- DATA SUPPLIED:

BEGIN

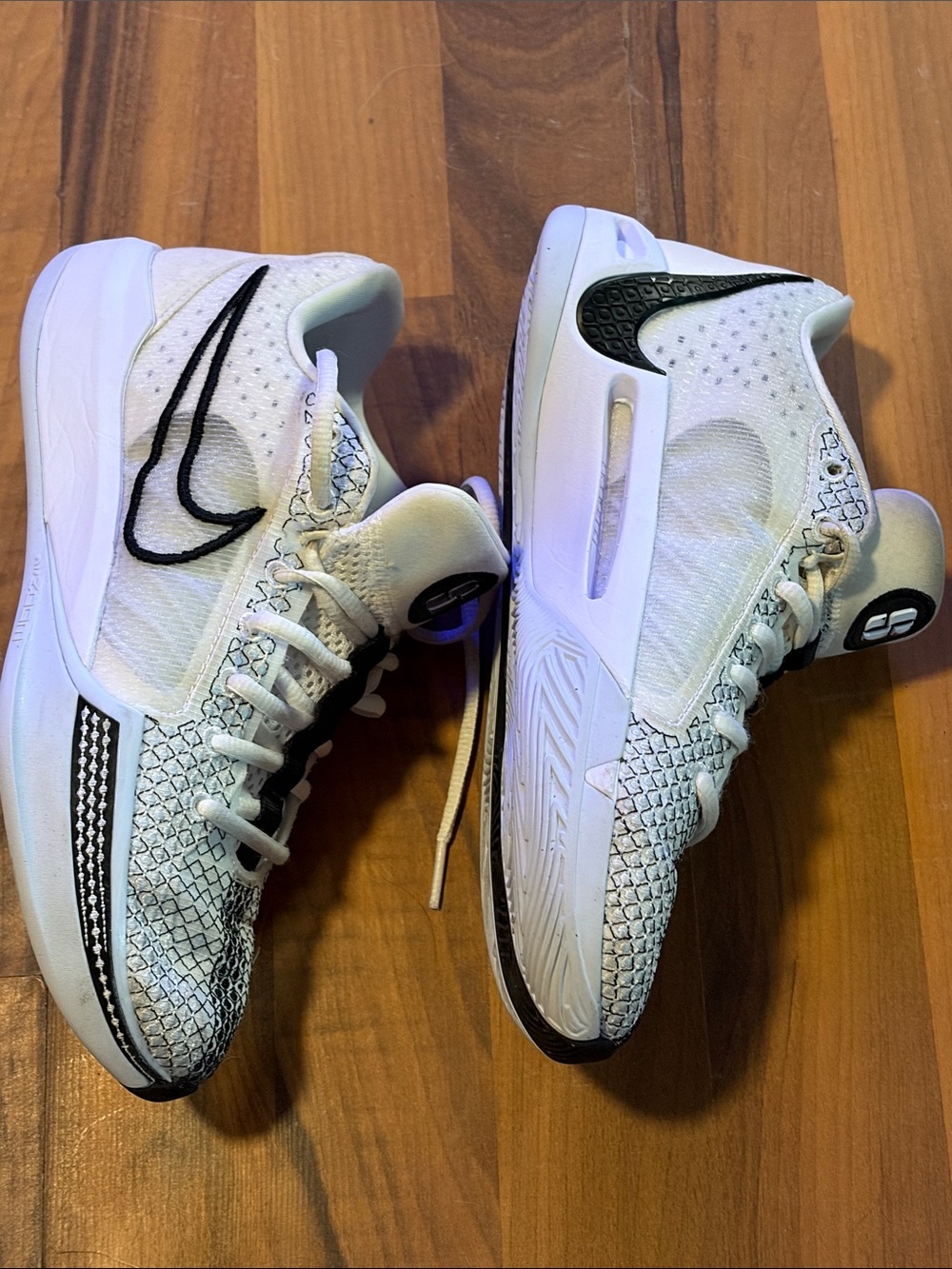 Nike Men’s White & Black Low-Top Sneakers with Textured Upper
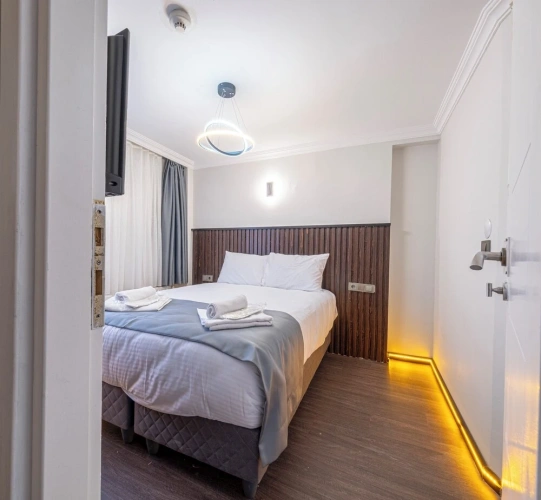 Economy room
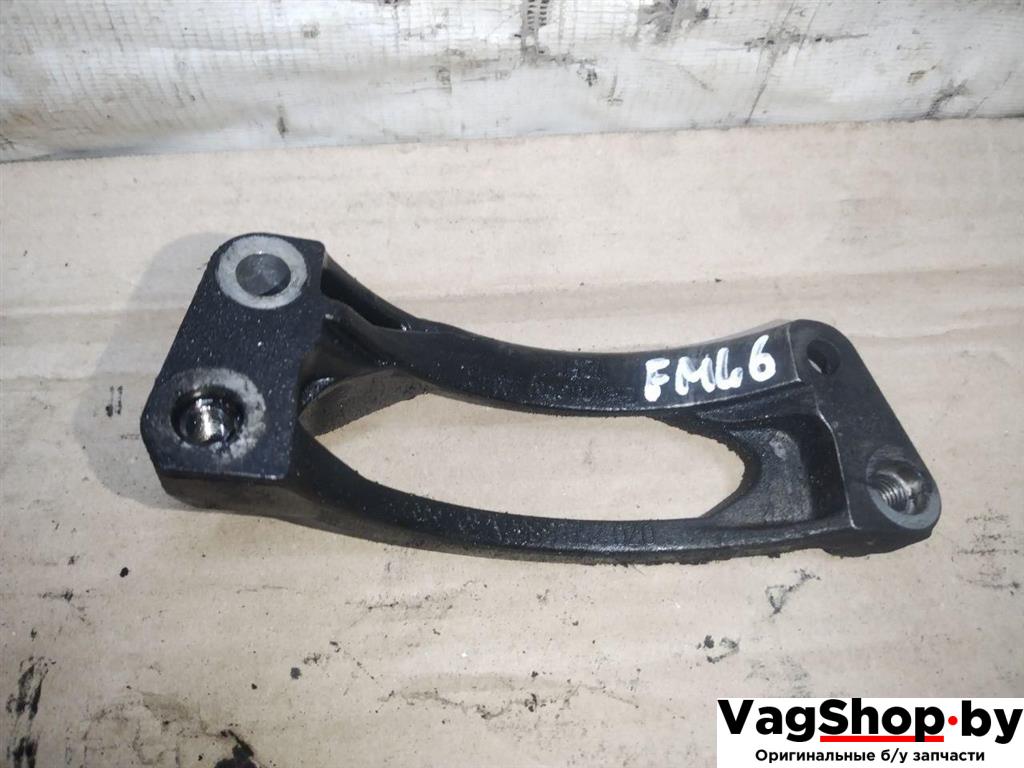 кронштейн компрессора кондиционера Volkswagen Touareg 1 поколение 2006, 2.5 л., TDi, BAC, дизель, АКПП, синий, внедорожник 5 дв., полный привод, 070260885A - фото №1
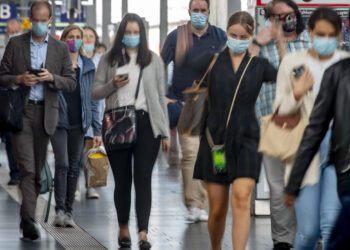 How Germany Is Containing Its Outbreak With Contact Tracing : Shots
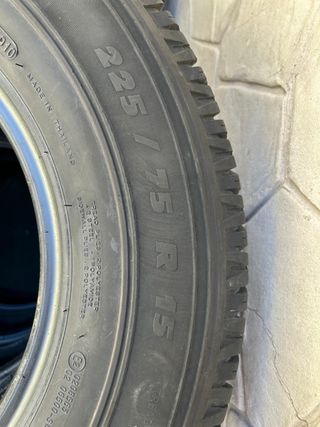Neumáticos 215/75 R15 4x4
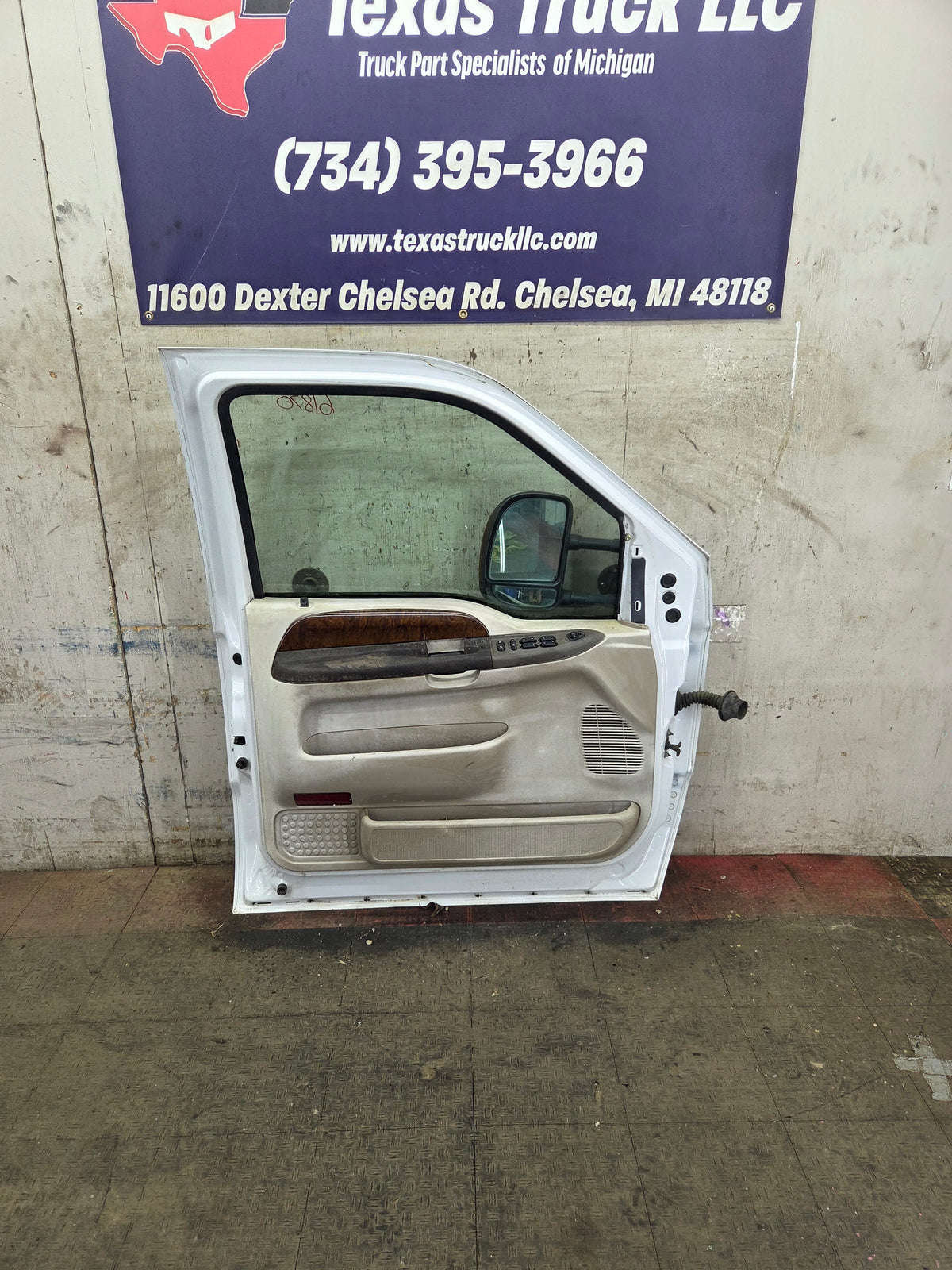 1999-2007 Ford Super Duty LH Driver Side Front Door F250 F350 F450 F550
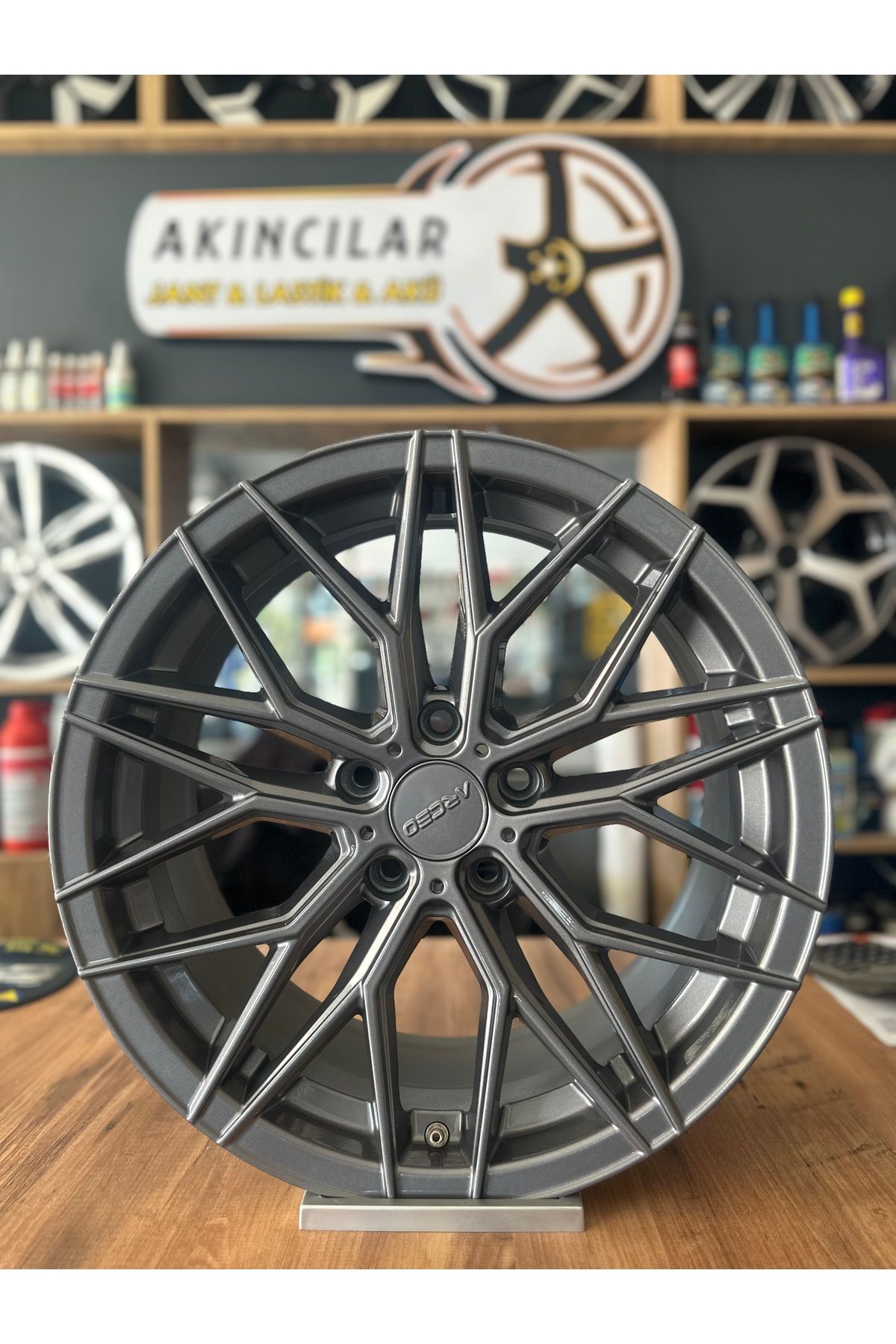 arceo valencia 7.5x17” 5x112 et35 73.1 titan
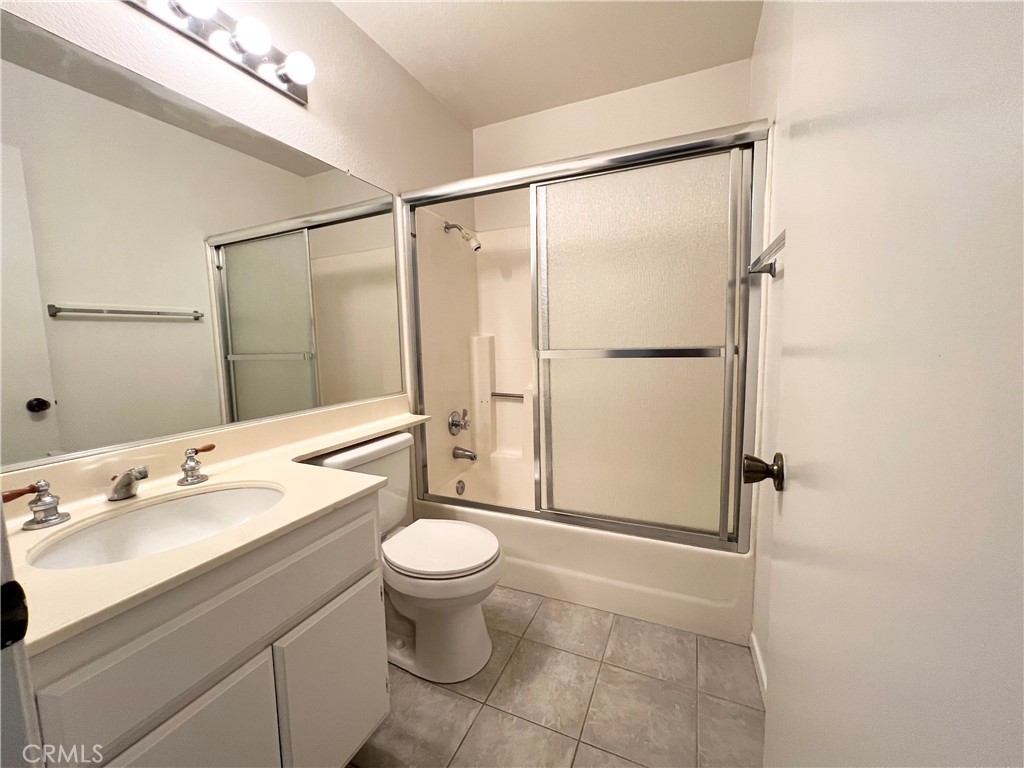 Photo 11 of 15 of 826 California Privado townhome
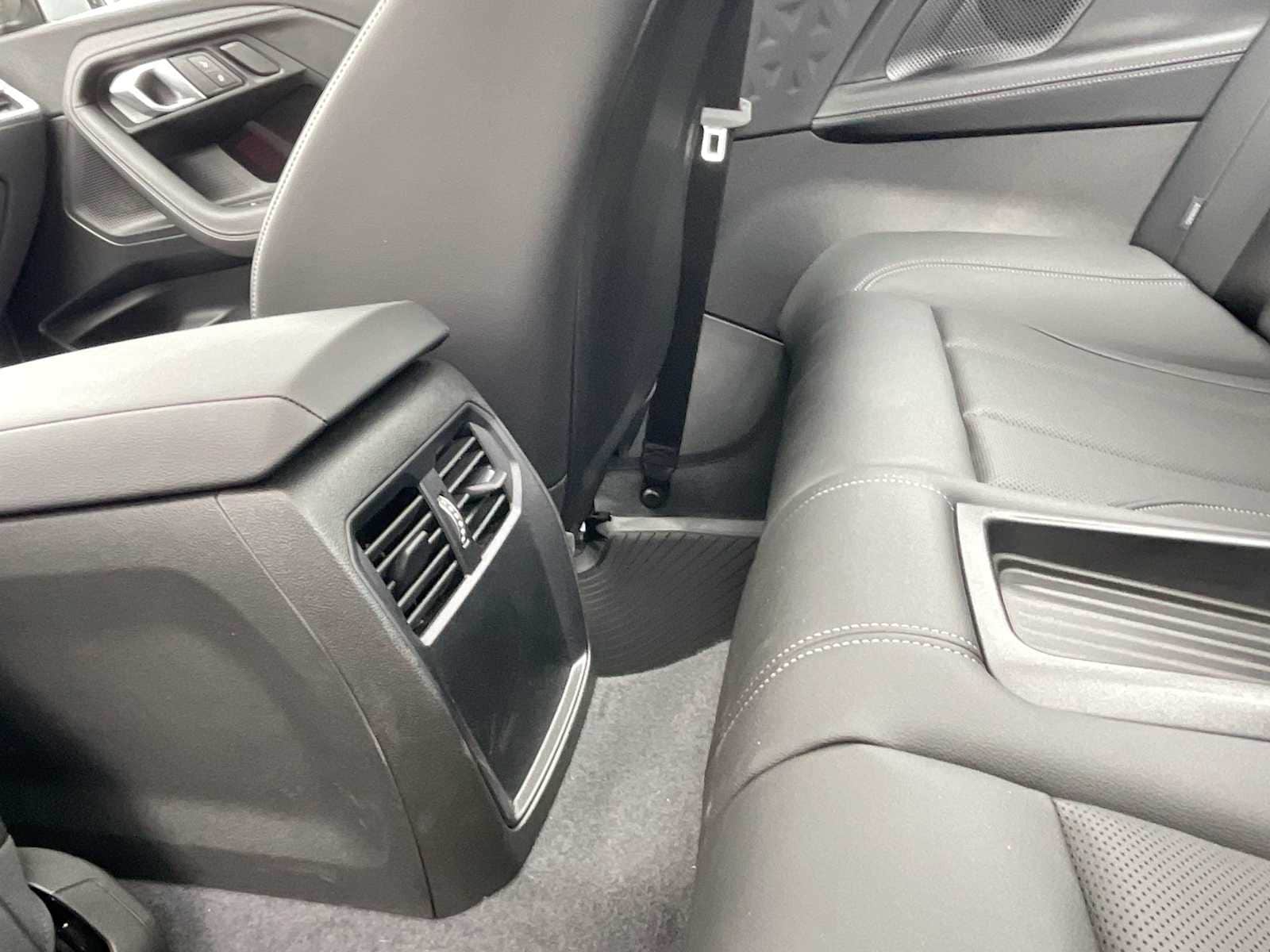 Thumbnail: 2025 BMW 2 Series - 13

END

- TO DO:
Reproduce the lines above beginning at the line that contains "кронштейн компрессора кондиционера" and ending at the line that contains "Neumáticos 215/75 R15 4x4". No pictures.

- TASK SOLUTION:
 кронштейн компрессора кондиционера Volkswagen Touareg 1 поколение 2006, 2.5 л., TDi, BAC, дизель, АКПП, синий, внедорожник 5 дв., полный привод, 070260885A - фото №1
 How Germany Is Containing Its Outbreak With Contact Tracing : Shots
Neumáticos 215/75 R15 4x4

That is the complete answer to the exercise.